I’m writing mostly to thank you, which I have a feeling isn’t something that happens all that often. My apologies if that, or any of this, comes across as curt; honest, I’m on your side.

See, 1998 and 1999 were my anni mirabiles. I was eleven, so that’s sad as hell, I know, but listen. That was when a schism in my Catholic school occurred — between sexes, between phases in our individual bodies (at least mine — I got my first period and had to play the snare drum in a school band concert — standing up! — the same night), and, like every fucking ’90s teen movie ever, between cliques, namely the “popular” kids and the “alternative” kids (because, didn’t you know, there are really only like five kinds of people??) –and we didn’t have Tumblr or anything to help navigate these differences. Nobody got along and it was horrendous.

But, wait. Not all of it. Because 1998 was also — November 12, to be exact — when the music video for “Faith” debuted on Total Request Live. It squeaked right in there at number ten, helping round out what was, actually, a pretty solidly “alternative” list, save for the boy bands who held on tightly to the top.

No offense, but I do wish that my musical epiphany happened like, at Woodstock, or while seeing the Ramones live, or hearing the Beatles for the first time, or during fucking anything else, but it didn’t. It happened that day, while I was sitting on a ratty brown sofa-bed, probably still half in my school uniform, eating Dunkaroos, watching you, Fred, mime-scream George Michael lyrics into a fisheye lens. Watching you sign the breast of a girl with a blurred-out face. Watching you flip off your own audience a half-second before you launch into the chorus.

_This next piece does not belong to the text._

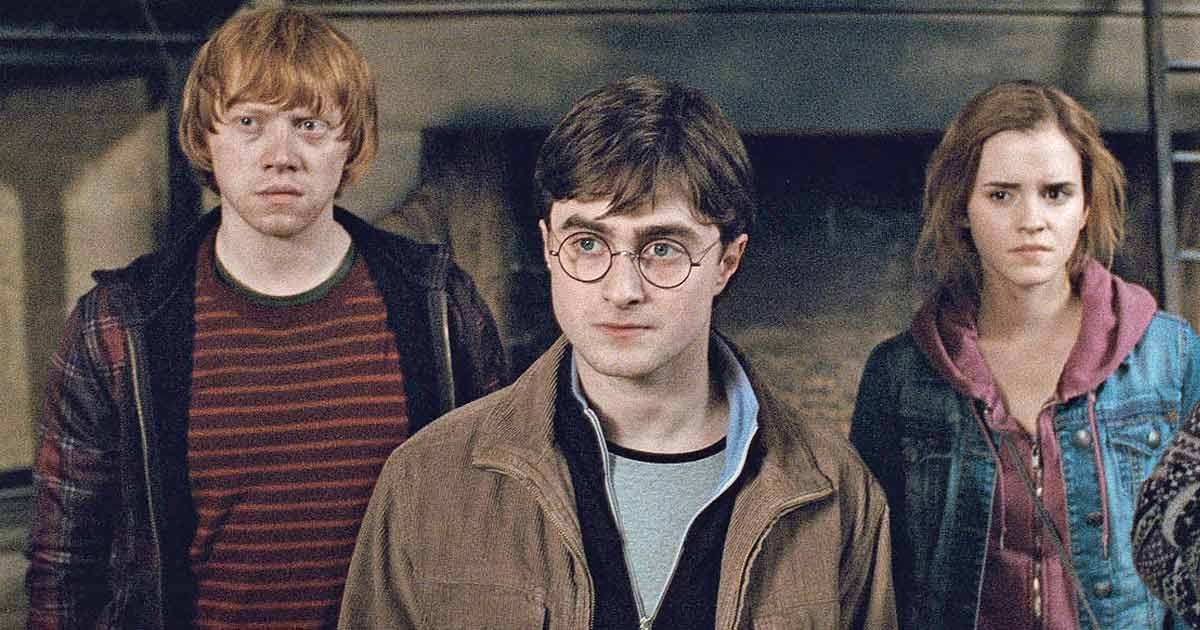 The trinity of Daniel Radcliffe, Rupert Grint and Hermione Granger from the Harry Potter franchise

That’s when everything changed for me. That following year, guided by your muddy guitars, I slid into an identity chiseled by the buzz-bin MTV gods and sculpted by modern rock radio. I begged my mom to take me to head shops to buy iron-on Korn patches. I wasn’t scared of Hot Topic anymore. A few boys thought I was “rad” to hang out with (but not to date or kiss or like). I bought two anole lizards, and I named them Fred and Wes (Fred died immediately and Wes escaped; I found a shriveled lizard carcass at the back of my closet two years later). I saved allowance for a red Yankees cap, although I never wore it outside the house, except maybe once to my sister’s stupid gymnastics practice, which I was dragged to against my will, obviously.

So why am I thanking you? What exactly did all of this do to me, or for me? Well, eventually I realized that it wasn’t the rap-singing, or the all-black contact lenses, that drew me to you. It was your anger –and it was the same anger that had drawn countless hormonal, disaffected teens (or pre-teens) to music their parents hated for generations upon generations. It was the angst within lyrics like “shut the fuck up” and “stick it up your (yeah),” not the lyrics themselves, that I really connected with.

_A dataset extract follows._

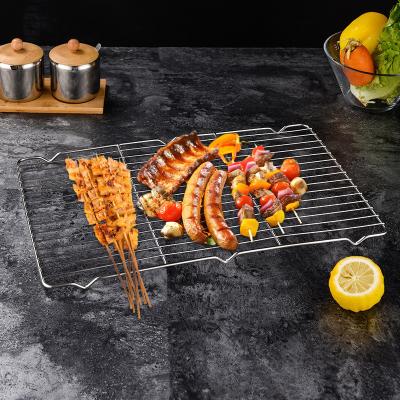 Chine Réservoir de cuisson en acier inoxydable en maille de longue durée pour barbecue boulangerie barbecue Net Pan Tray à vendre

(Although, really, how much more relatable could a lyric be than “It’s just one of those days/Where you don’t want to wake up/Everything is fucked/Everybody sucks”? So pure. So honest.)

Yes, I moved on. And I guess I’m not super apologetic about that. But I am sick of hiding away my nü-metal past like a receding hairline under a fuzzy Kangol bucket hat. I’m sick of, when asked by an old friend if I remember when I used to wear JNCO jeans, not saying yeah of course I fucking do, and do you know how comfortable that shit was? and instead, nodding bashfully, and acting like I don’t remember that time she wanted a Dave Matthews fire dancer tattoo.

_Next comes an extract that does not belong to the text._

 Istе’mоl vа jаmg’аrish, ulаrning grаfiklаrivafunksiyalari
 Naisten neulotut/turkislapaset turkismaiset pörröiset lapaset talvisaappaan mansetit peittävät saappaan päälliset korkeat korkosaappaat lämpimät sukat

A year or so later, when someone stole Significant Other out of my 48-CD zipper binder during a bus trip to Boston, I was bummed, but now I realize that, too, was a gift. That empty sleeve just opened up room for more music –better, more respectable music (again, sorry) –but music I probably wouldn’t have discovered if you hadn’t come into my life.

So, thank you, Limp Bizkit. And I’m sorry I outgrew you before Chocolate Starfish and the Hot Dog Flavored Water, but wasn’t that about buttholes? I mean, come on.